WOU students learn about Islamic finance

Islamic finance is the fastest growing segment of the financial sector and highly resilient, able to withstand global financial and economic crises with very little impact, said Prof Datuk Dr Syed Othman Alhabshi, Chief Academic Officer of INCEIF, the Global University of Islamic Finance.

Learning about Islamic finance.


Speaking on ‘Islamic Finance – The Viable Alternative’ at the main campus today, he said Islamic finance achieved a 20% global growth rate over the last 5 years. “So every five years, it doubles. The Bank Negara plans for Islamic financing to account for 50% of the total by year 2020 from the current 24%. The Islamic sector is overtaking the conventional sector,” he pointed out, sharing that important financial centres around the world are embracing Islamic finance and UK plans to issue Islamic bonds known as sukuk.

Noting that no Islamic banking institutions in Malaysia collapsed during the past three crises, he stated, “Islamic finance has inherent resilience as it is based on real sector and has high liquidity.” He said wealth in Islamic finance can only be created through productive activities that involve real sector. “Real wealth is only 0.8% of total financial wealth, which is created every year through share swaps, derivatives and so forth without backing of the real sector.”

Prof Syed Othman provides insights into the financial situation in Malaysia.


He said household debt in Malaysia has increased to almost 82% of the GDP. He highlighted a recent research by his PhD student that found “25% of the people who go bankrupt are those who bought houses. Only 10% come from credit cards.”

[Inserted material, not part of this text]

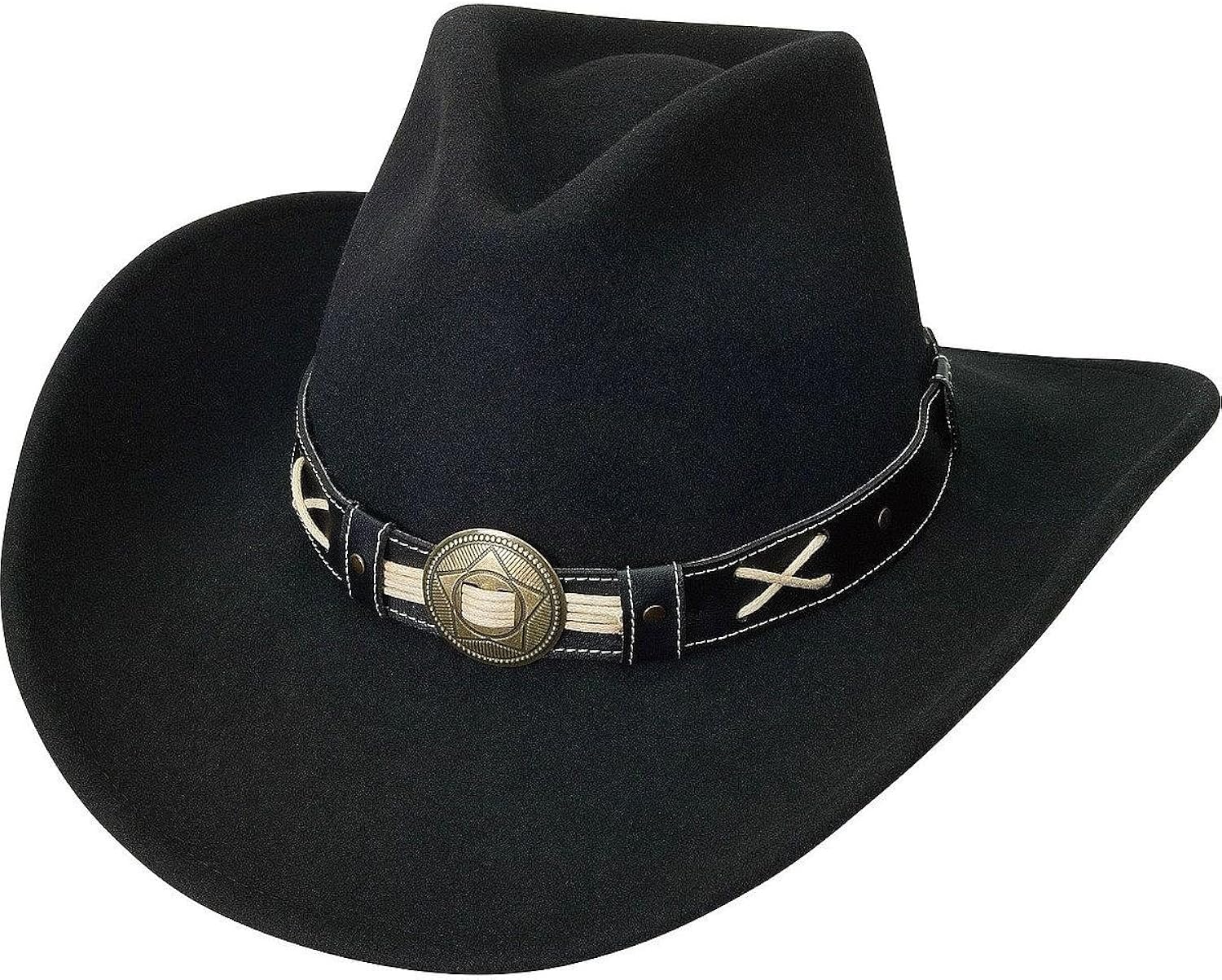 Silverado Men's Tycoon Crushable Wool Felt Cowboy Hat Black Small at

Prof Syed Othman said that people are therefore trying to make as much money as possible in any way they like. “We need to plough back morality and ethics. In a survey among undergraduates in Malaysian universities a decade ago, when asked ‘Would you accept a bribe?’ more than 40% said ‘yes’.”

Islamic finance includes Islamic banking, insurance or Takaful, wealth planning, capital market and money market, and must comply with Shariah principles. “A main strength of Islamic finance is the infusion of ethics and morality,” he stressed, remarking that rationality is more important than morality in conventional economics, where a seller charges very high to exploit shortages of a commodity.

Part of the students at the talk.


On the weaknesses of Islamic finance, he listed a lack of talents and inadequate avenues for Shariah-compliant investment to match the deposits. “So the government through Bank Negara has established the International Liquidity Management Centre to create more investment instruments for the banks,” he said.

Other features of Islamic finance are risk sharing rather than risk transfer, interest-free, no ambiguity in what you get for your money, no gambling, no profiteering, and no hoarding. To explain interest-free and risk sharing, he gave an example of the bank buying a house for RM1 million cash on the customer’s behalf, and then selling to the customer for RM1.2 million over 20-year instalments, where the additional charge is considered as profit earned by the bank for the sale rather than interest.

The talk was attended by about 70 people, including Vice Chancellor Prof Dato’ Dr Ho Sinn Chye and over 50 full-time WOU students.

Discussing possible collaboration.


Prof Syed Othman subsequently met up with Prof Ho and the Dean and academics of the School of Business and Administration to discuss collaboration in offering an Islamic finance course at WOU.